The Computer and
Centralized Power
The arrival of the personal computer in the 1980s posed a sudden and unexpected threat to centralized power. It initiated a new, if much more limited, crisis of control. Pioneered by countercultural hackers and hobbyists, the PC was infused from the start with a libertarian ideology. As memorably portrayed in Apple Computer's dramatic "1984" television advertisement, the personal computer was to be a weapon against central control, a tool for destroying the Big Brother-like hegemony of the corporate mainframe and its dominant producer, IBM.

Office workers began buying PCs with their own money, bringing them to their offices, and setting them up on their desks. Bypassing corporate systems altogether, PC-empowered employees seized control of the data and programs they used. They gained freedom, but in the process they weakened the ability of bureaucracies to monitor and steer their work. Business executives and the IT [Information Technology] managers that served them viewed the flood of PCs into the workplace as "a Biblical plague," in the words of Paul Ceruzzi, the computer historian.

The breakdown of control proved fleeting. The client-server system, which tied the previously autonomous PCs together into a network connected to a central store of corporate information and software, was the means by which the bureaucrats reasserted their control over information and its processing. Together with an expansion in the size and power of IT departments, client-server systems enabled companies to restrict access to data and to limit the use of software to a set of prescribed programs.
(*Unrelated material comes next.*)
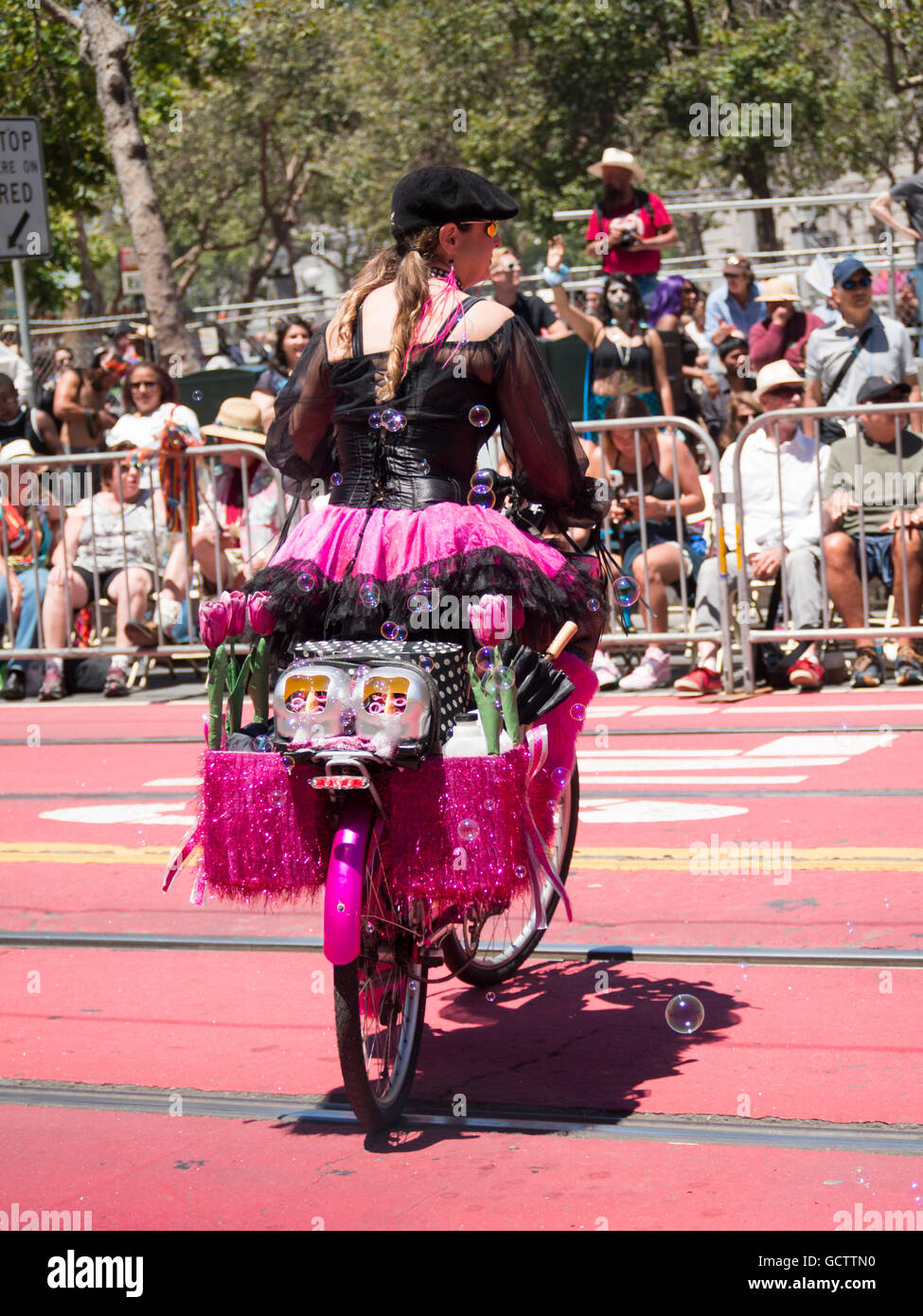 San Francisco Pride Parade 2016 Stock Photo - Alamy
Ironically, once they were networked into a corporate system, PCs actually allowed companies to monitor, structure, and guide the work of employees more tightly than ever. "Local networking took the 'personal' out of personal computing," explains Ceruzzi. "PC users in the workplace accepted this Faustian bargain. The more computer-savvy among them resisted, but the majority of office workers hardly even noticed how much this represented a shift away from the forces that drove the invention of the personal computer in the first place. The ease with which this transition took place shows that those who believed in truly autonomous, personal computing were perhaps naïve."
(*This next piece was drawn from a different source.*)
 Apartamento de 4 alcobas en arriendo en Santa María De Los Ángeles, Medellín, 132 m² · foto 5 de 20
The popularization of the Internet, through the World Wide Web and its browser, touched off a similar control crisis. Although the construction of the Internet was spearheaded by the Defense Department, a paragon of centralized power, it was designed, paradoxically, to be a highly dispersed, loosely organized network. Since the overriding goal was to build as reliable a system as possible --- one that could withstand the failure of any of its parts --- it was given a radically decentralized structure. Every computer, or node, operates autonomously, and communications between computers don't have to pass through any central clearinghouse.
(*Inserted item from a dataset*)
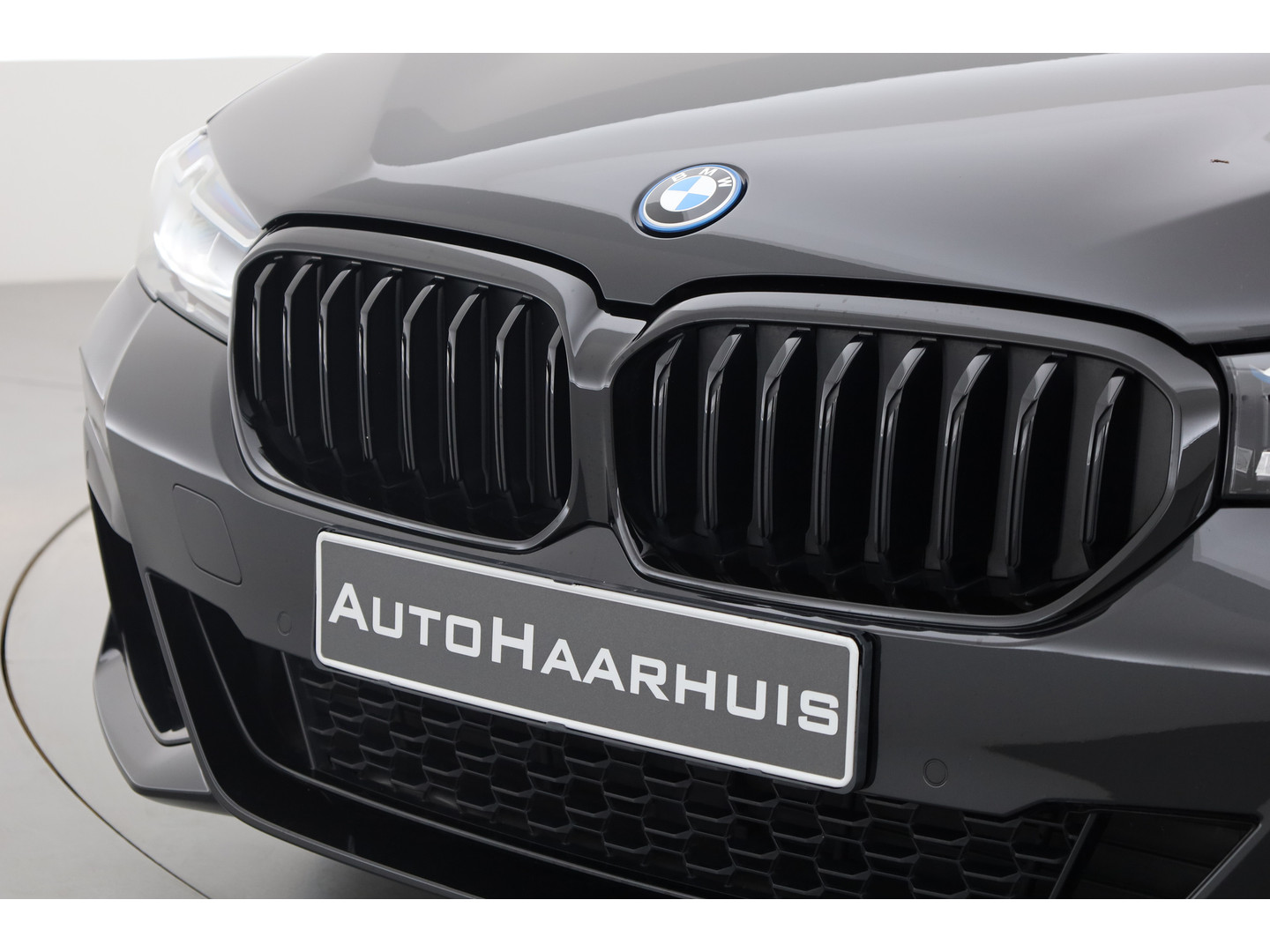BMW BMW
The Net's "internal protocols," as New York University professor Alexander Galloway writes, "are the enemy of bureaucracy, of rigid hierarchy, and of centralization." If a corporate computer network was akin to a railroad, with tightly scheduled and monitored traffic, the Internet was more like the highway system, with largely free-flowing and unsupervised traffic. At work and at home, people found they could use the Web to once again bypass established centers of control, whether corporate bureaucracies, government agencies, retailing empires, or media conglomerates.

Seemingly uncontrolled and uncontrollable, the Web was routinely portrayed as a new frontier, a Rousseauian wilderness in which we, as autonomous agents, were free to redefine society on our own terms. "Governments of the Industrial World," proclaimed John Perry Barlow in his 1996 manifesto "A Declaration of the Independence of Cyberspace," "you are not welcome among us. You have no sovereignty where we gather." But, as with the arrival of the PC, it didn't take long for governments and corporations to begin reasserting and even extending their dominion.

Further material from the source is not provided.